Scraped caption text data:
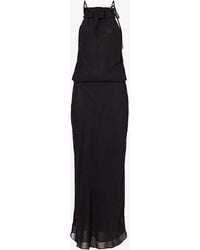 Reformation - X Camille Rowe Beyla Woven Maxi Dress - Lyst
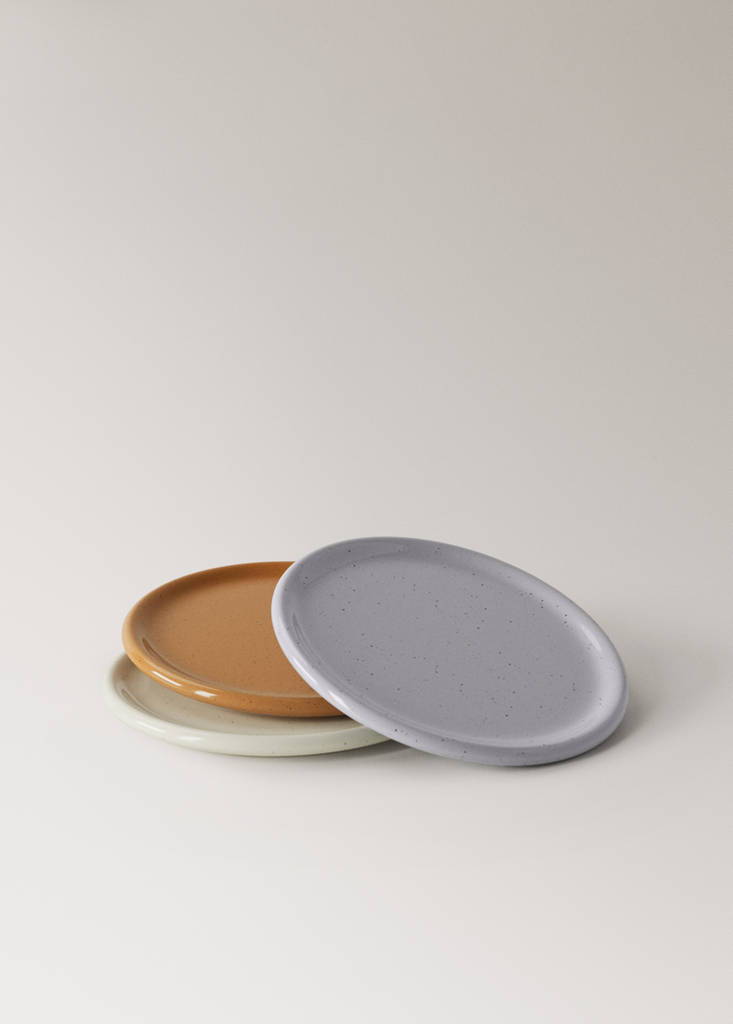 Stoneware coasters with spots — Blue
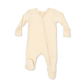 Angel Dear 2-Way Zipper Footie | Solid Italian Straw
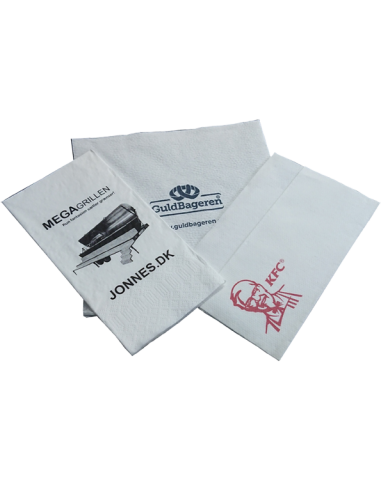 Printed napkins 33x33cm 2-layer - 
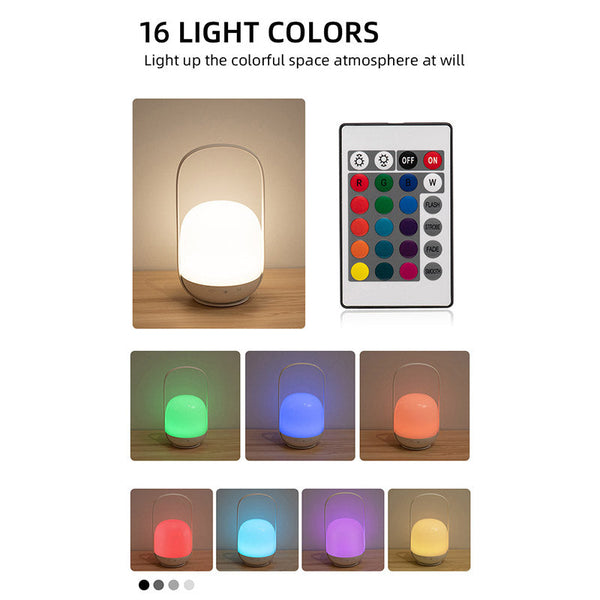 Elosung Led Night Light With 16 Colors 4 Dimming Modes Remote Control Night Lights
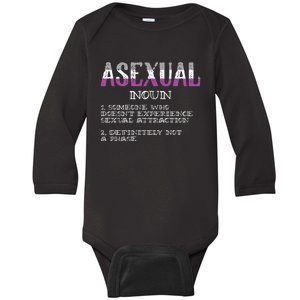 Asexual Person Definition Asexuality Pride Aromantic Ace Baby Long Sleeve Bodysuit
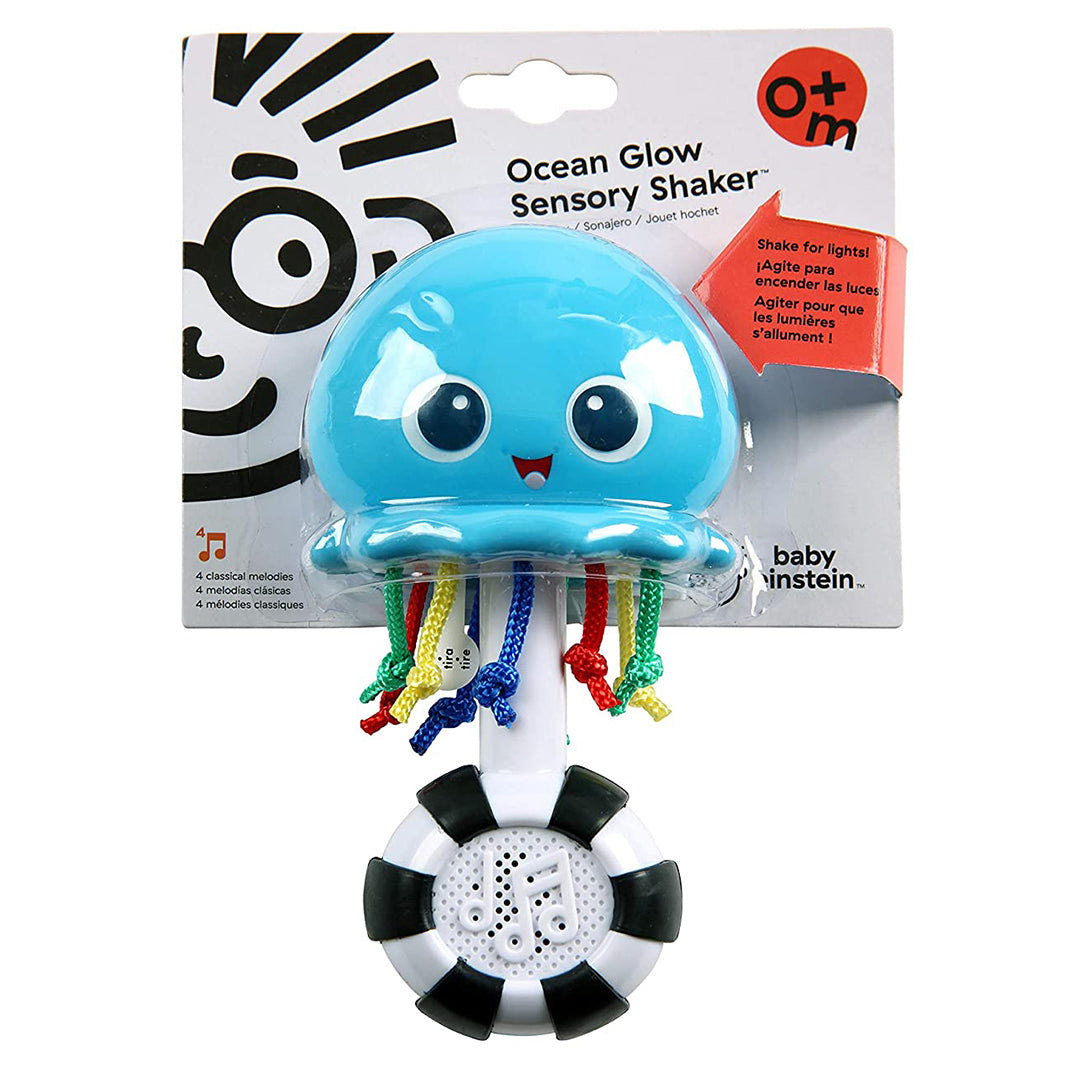 Bright Starts Ocean Glow Sensory Shaker Musical Toy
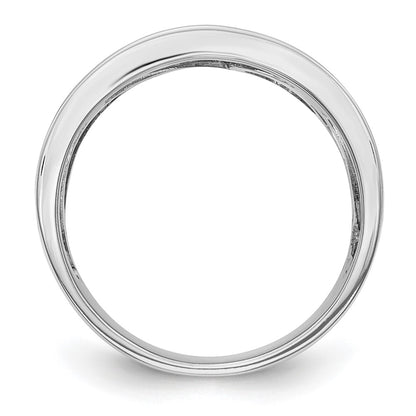 14K White Gold Micro Pave 1 carat Complete Diamond Band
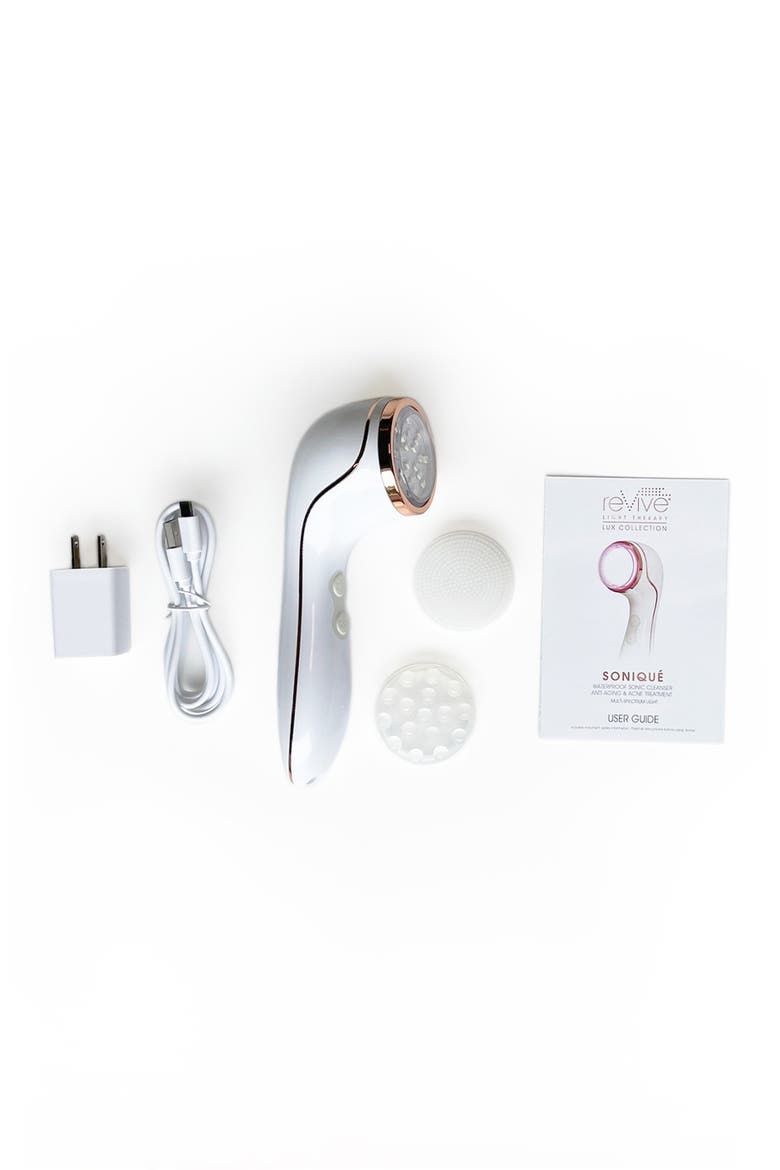 Lux Sonique LED Sonic Cleansing Device, Alternate, color, WHITE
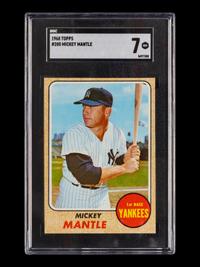 A 1968 Topps Mickey Mantle Baseball Card No. 280 (SGC 7 NM)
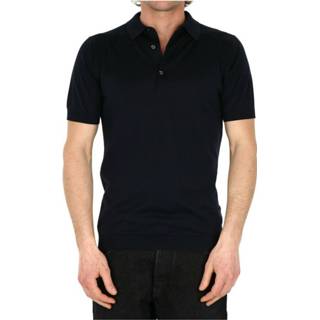 👉 Poloshirt zwart s mannen Polo shirt Adrian John Smedley , Heren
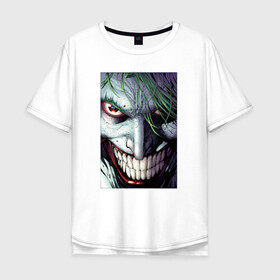 Мужская футболка хлопок Oversize с принтом Joker в Тюмени, 100% хлопок | свободный крой, круглый ворот, “спинка” длиннее передней части | joker | shtatjoker | артур флек | джокер | жокир
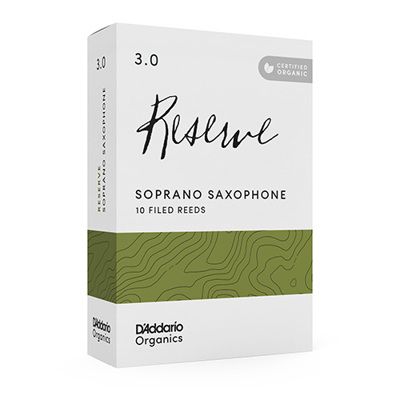 D'Addario Woodwinds ODIR1030 Reserve, Soprano Saxophone - Box Of 10 - 3.0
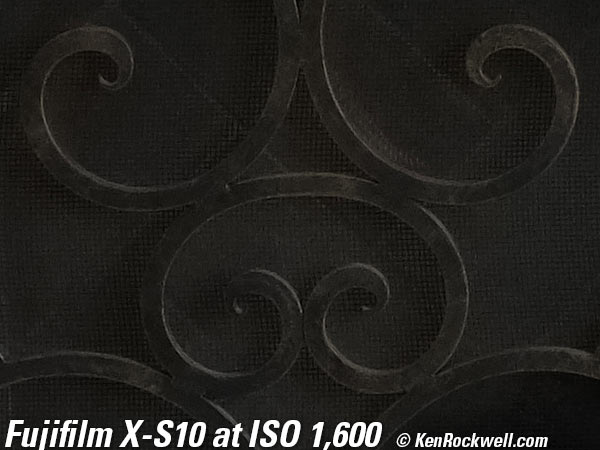 Fuji X-S10 High ISO Performance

_Exercise instructions:_ Ending at the line with "Elosung Led Night", reproduce exactly the lines that begin at the top of the data, and include no pictures.

_Task output:_
 Reformation - X Camille Rowe Beyla Woven Maxi Dress - Lyst
 Stoneware coasters with spots — Blue
 Angel Dear 2-Way Zipper Footie | Solid Italian Straw
 Printed napkins 33x33cm 2-layer - 
 Elosung Led Night Light With 16 Colors 4 Dimming Modes Remote Control Night Lights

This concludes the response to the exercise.